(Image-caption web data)
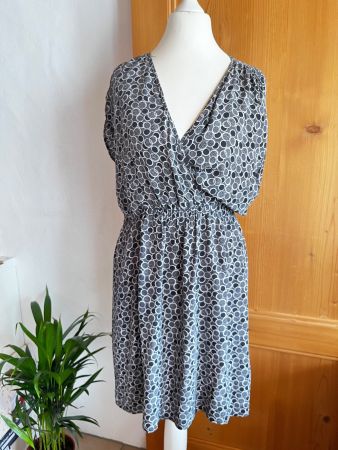 Kleid wickeloptik Seide schwarz weiss Gr. L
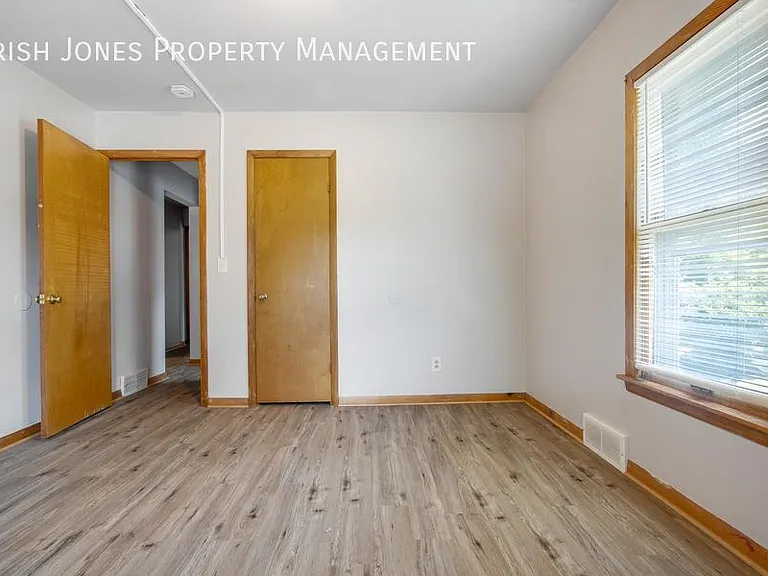 172 Main St — Photo 30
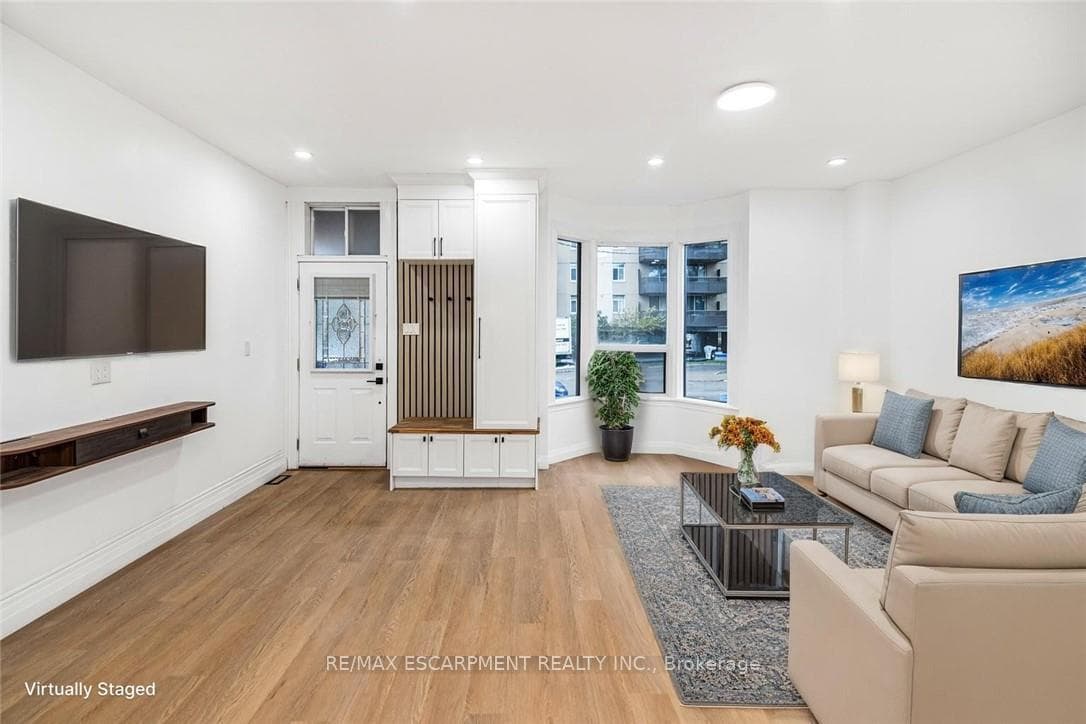 48 Aikman Avenue photo 8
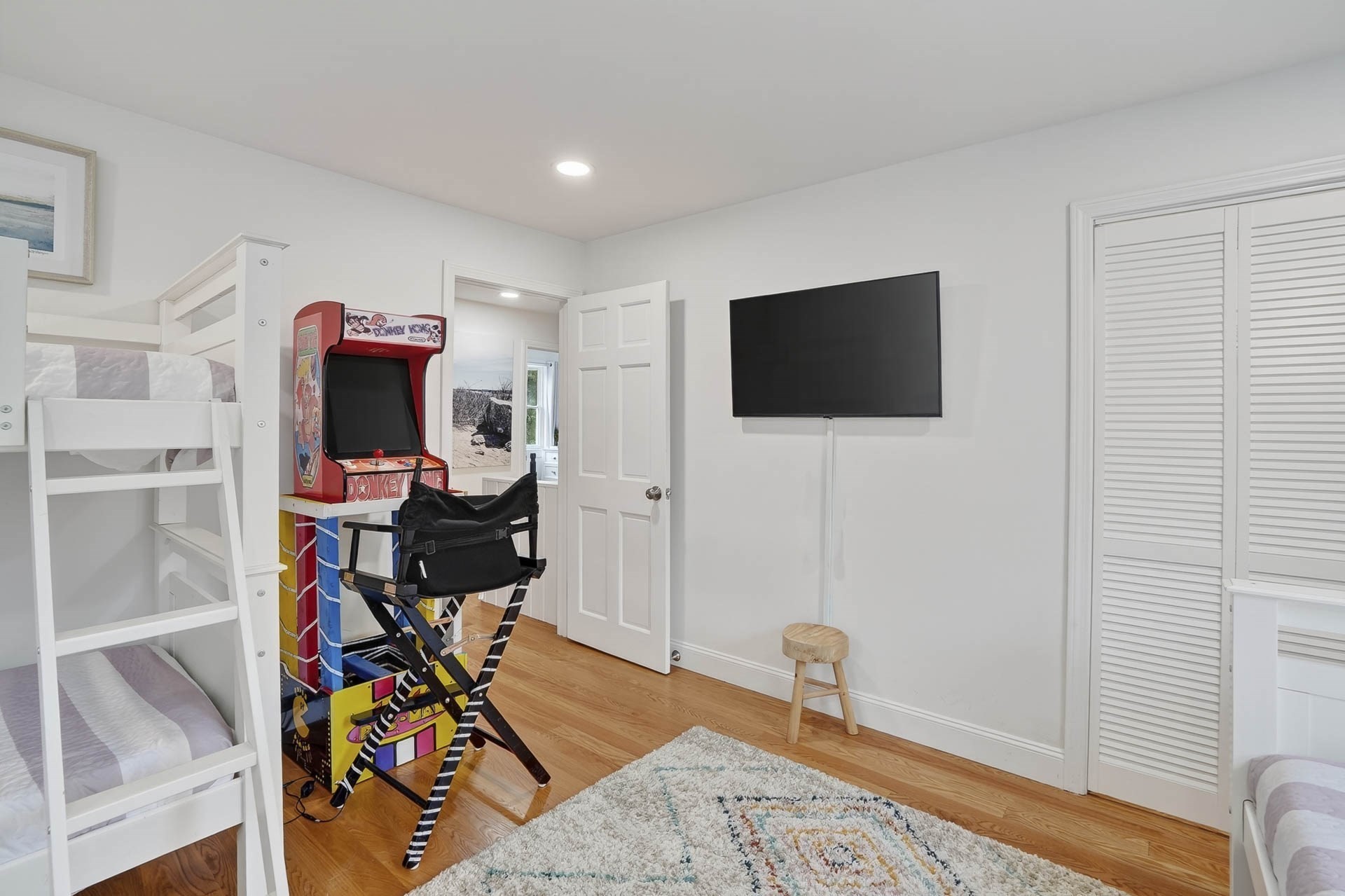 105 Whalers Walk Property Photo 38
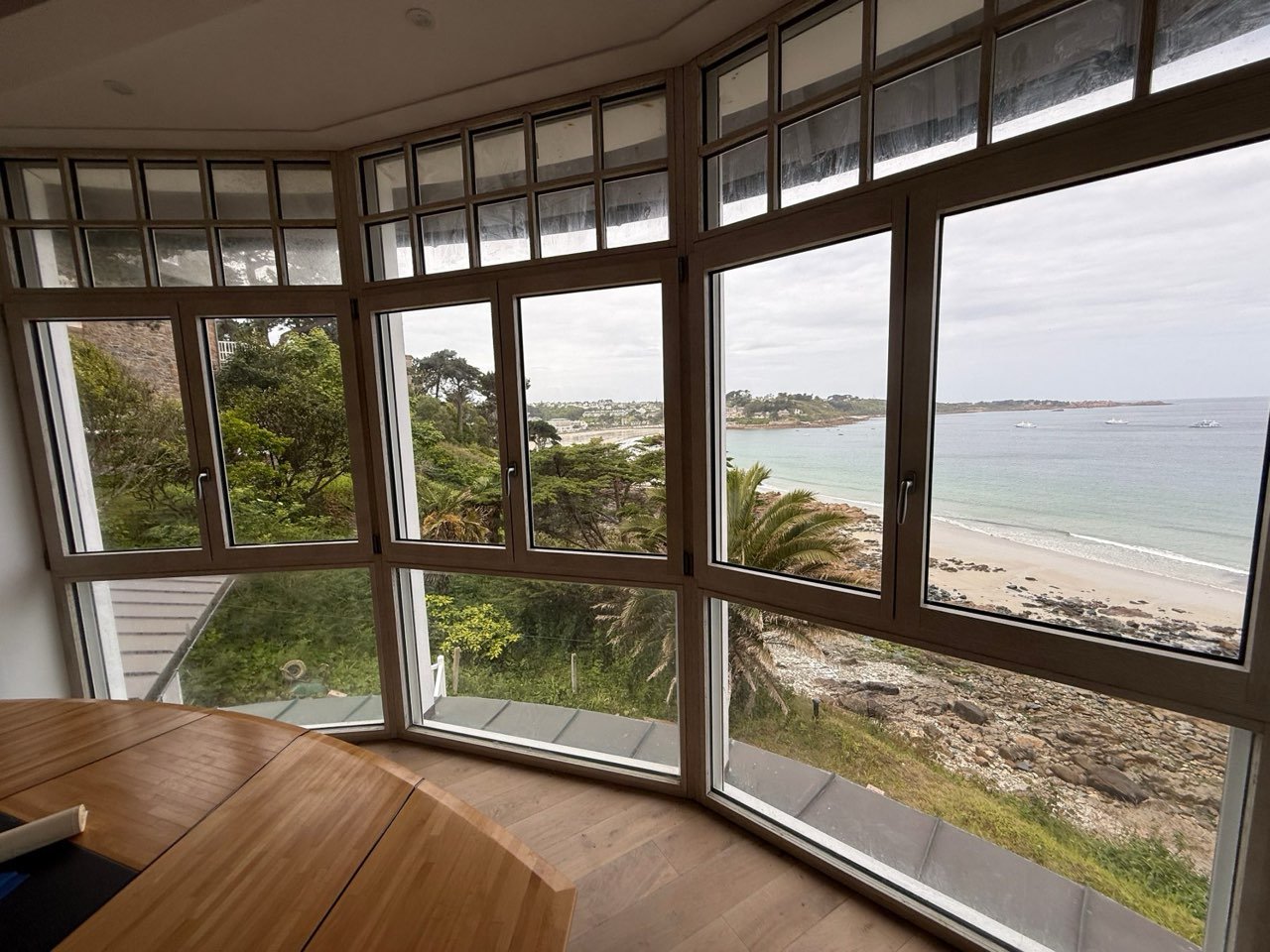 Bow-window avec vue sur la mer, vitres nettoyées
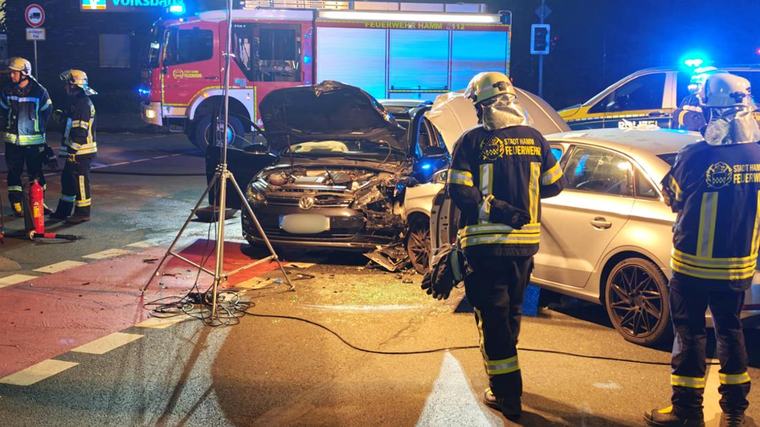 Zusammenstoß auf der Dortmunder Straße: Fünf Menschen verletzt – Fahrer zunächst in Lebensgefahr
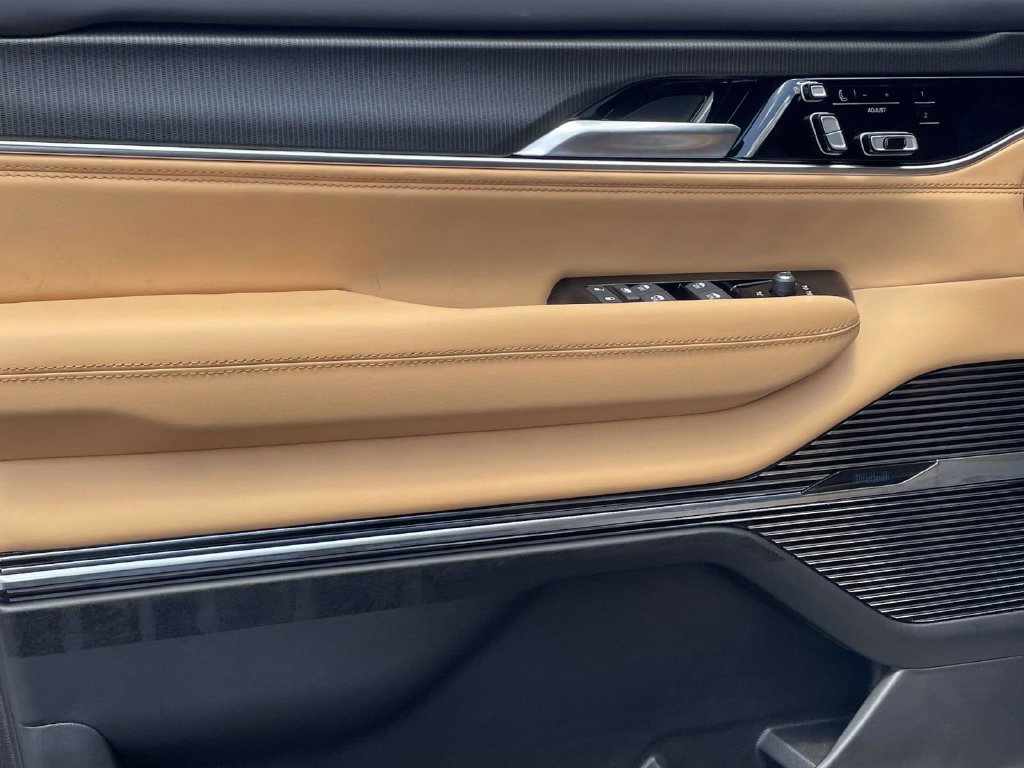 New 2026 Jeep Grand Wagoneer L Summit AWD/4WD image 23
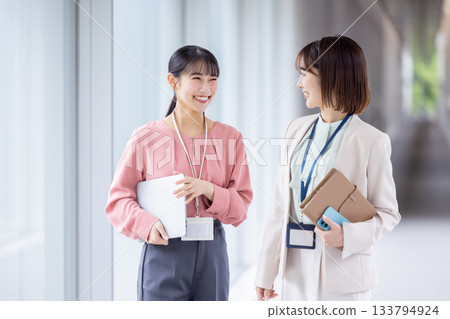 商業：女性邊走邊交談。 133794924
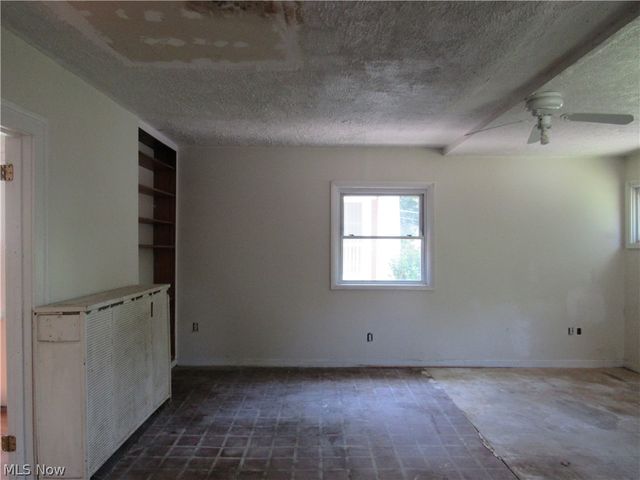 1726 Lee Road, Cleveland Heights, OH 44118
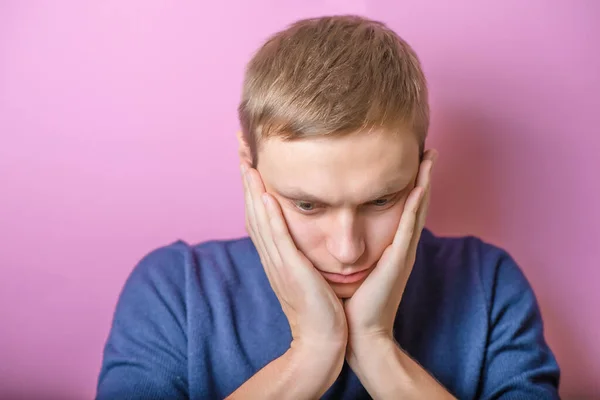 Ritratto Uomo Depresso Che Guarda Basso — Foto Stock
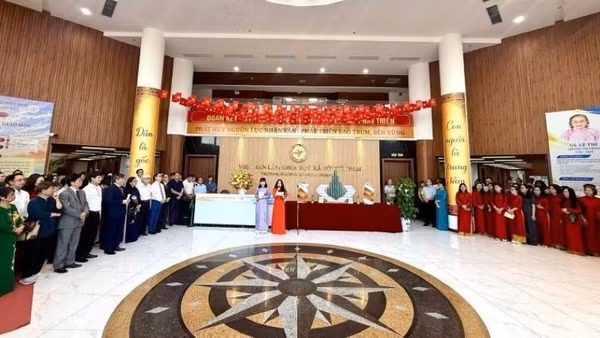 Toàn cảnh buổi lễ Khai mạc Không gian trưng bày tại Viện Hàn lâm. (Ảnh: BAN TỔ CHỨC)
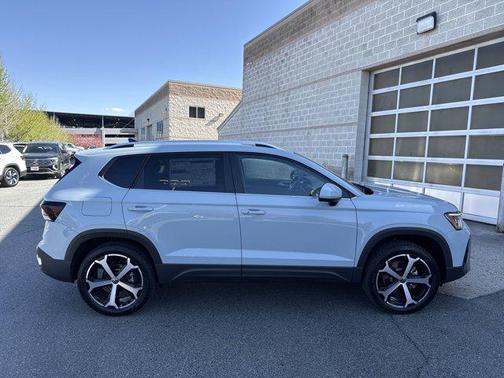 2025 Volkswagen Taos 1.5T SEL
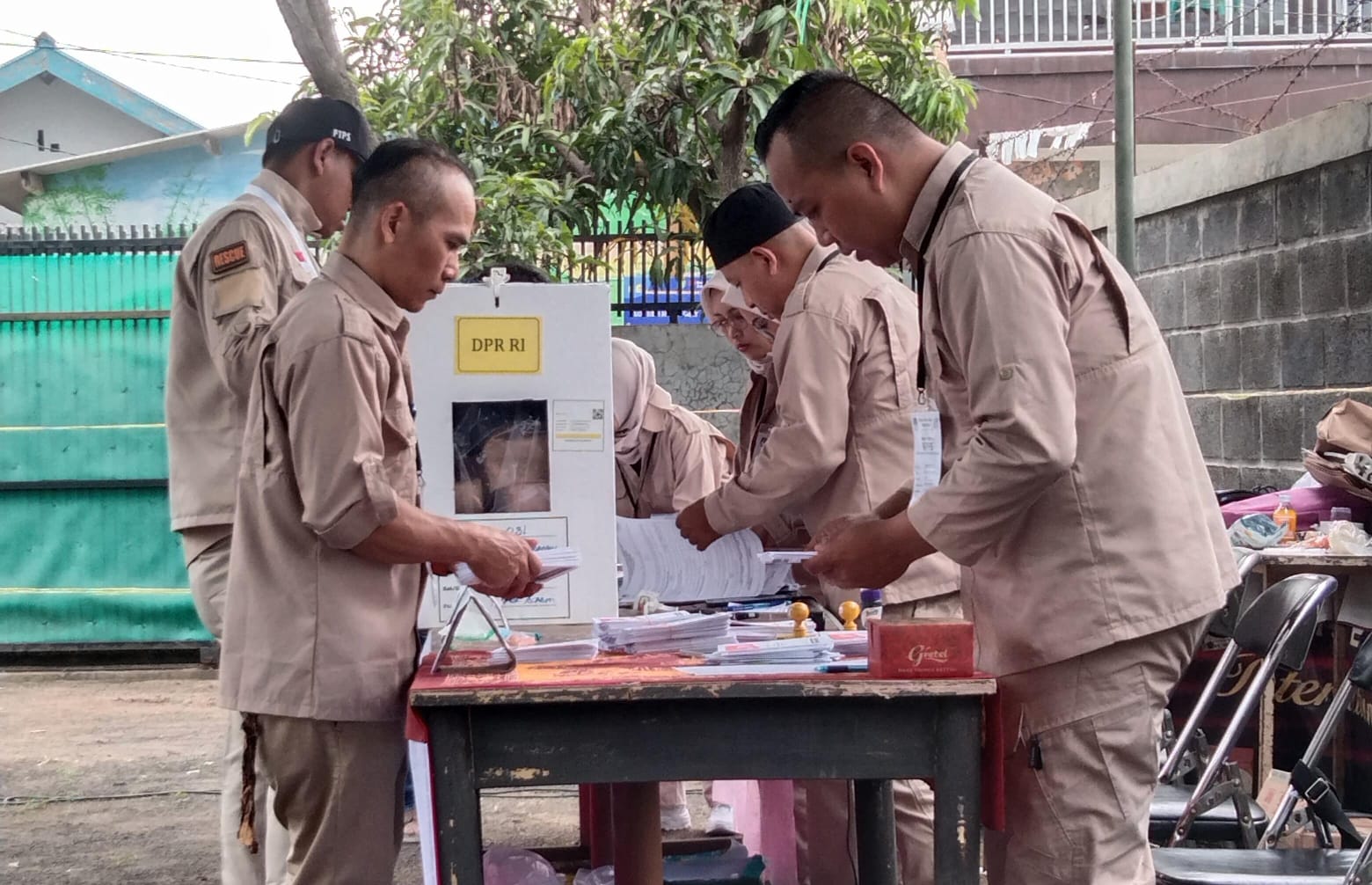 Petugas KPPS di TPS 31 Kelurahan Pasanggrahan sedang melaksanakan tugasnya dalam perhitungan suara Pemilu 2024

(Aim of the task) When you reach the line that has "105 Whalers Walk Property Photo 38" in the data above, start repeating lines exactly, and stop after the line that has "2025 Volkswagen Taos 1.5T SEL"; pictures stay out.

(Response to the exercise)
 105 Whalers Walk Property Photo 38
 Bow-window avec vue sur la mer, vitres nettoyées
 Zusammenstoß auf der Dortmunder Straße: Fünf Menschen verletzt – Fahrer zunächst in Lebensgefahr
 New 2026 Jeep Grand Wagoneer L Summit AWD/4WD image 23
 商業：女性邊走邊交談。 133794924
 1726 Lee Road, Cleveland Heights, OH 44118
 Ritratto Uomo Depresso Che Guarda Basso — Foto Stock
 Toàn cảnh buổi lễ Khai mạc Không gian trưng bày tại Viện Hàn lâm. (Ảnh: BAN TỔ CHỨC)
 2025 Volkswagen Taos 1.5T SEL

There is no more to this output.